# Video Pair Clip Generator

This notebook processes videos in a directory where files come in **pairs** with names like:

- `running_1.mp4` and `running_2.mp4`
- `swimming_1.MOV` and `swimming_2.MOV`

For each pair, it automatically:

- Finds all valid `_1` / `_2` pairs in the directory.
- From the `_1` video, creates:
  - `*_clip1` → first 60 seconds
  - `*_clip2` → a 60-second clip from the middle
  - `*_clip3` → last 60 seconds
- From the `_2` video, creates:
  - `*_clip4` → a 60-second clip from the middle
  - `*_clip5` → last 60 seconds

All new clips are saved to the **same directory** as the original videos, keeping the same file extension.

If a video is shorter than 60 seconds, the clip will simply be as long as the video allows.

We will use:

- **`pathlib`**: to handle file paths in a clean, OS-independent way.
- **`re` (regular expressions)**: to detect file name patterns like `prefix_1.ext` and `prefix_2.ext`.
- **`moviepy.editor`**: to load videos and write subclips to new files.


In [1]:
from google.colab import drive
drive.mount('/content/drive')

Drive already mounted at /content/drive; to attempt to forcibly remount, call drive.mount("/content/drive", force_remount=True).


In [2]:
# If moviepy is not installed in your environment, run this cell once.
# If it is already installed, you can skip this cell.
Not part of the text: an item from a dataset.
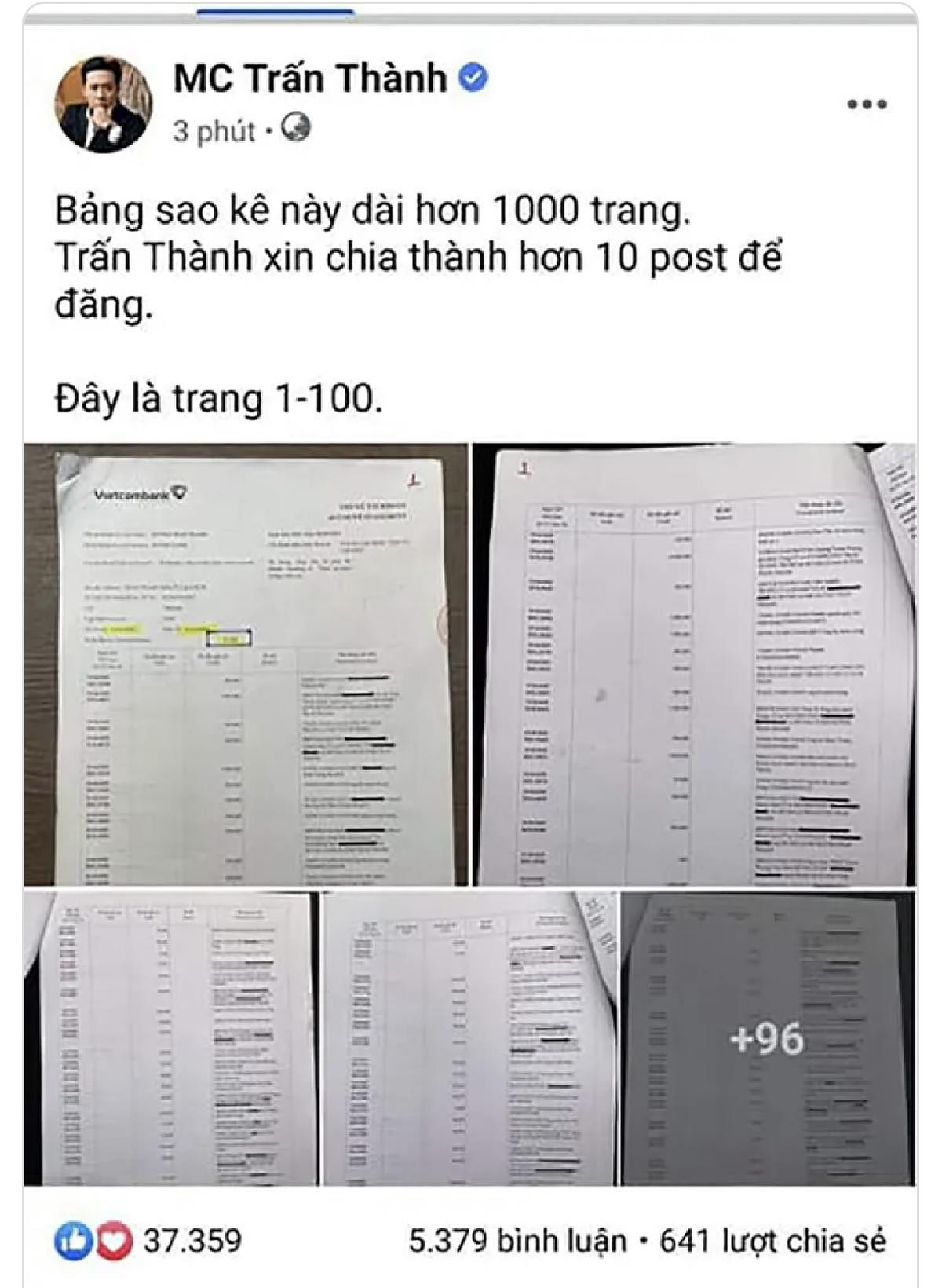 Trấn Thành vừa tung sao kê, nữ CEO Đại Nam lập tức để lại bình luận đáng chú ý? Ảnh 1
!python3 -m pip install moviepy==1.0.3





In [3]:
from pathlib import Path
import re

from moviepy.editor import VideoFileClip, vfx
from moviepy.video.fx.all import crop
from tqdm.auto import tqdm

# Allowed video extensions (lowercase)
VIDEO_EXTENSIONS = {".mp4", ".mov", ".mkv", ".avi", ".m4v"}

# Desired duration of each segment in seconds
SEGMENT_LENGTH_SECONDS = 60

# Final output resolution (square)
TARGET_SIZE = 1080

## Helper functions: pair detection and segment computation

The functions below:

1. **`find_video_pairs(directory)`**  
   - Scans a directory for video files whose names match `<prefix>_<index>.<ext>`.
   - Groups them by `(prefix, ext)` and returns a list of pairs where both `_1` and `_2` exist.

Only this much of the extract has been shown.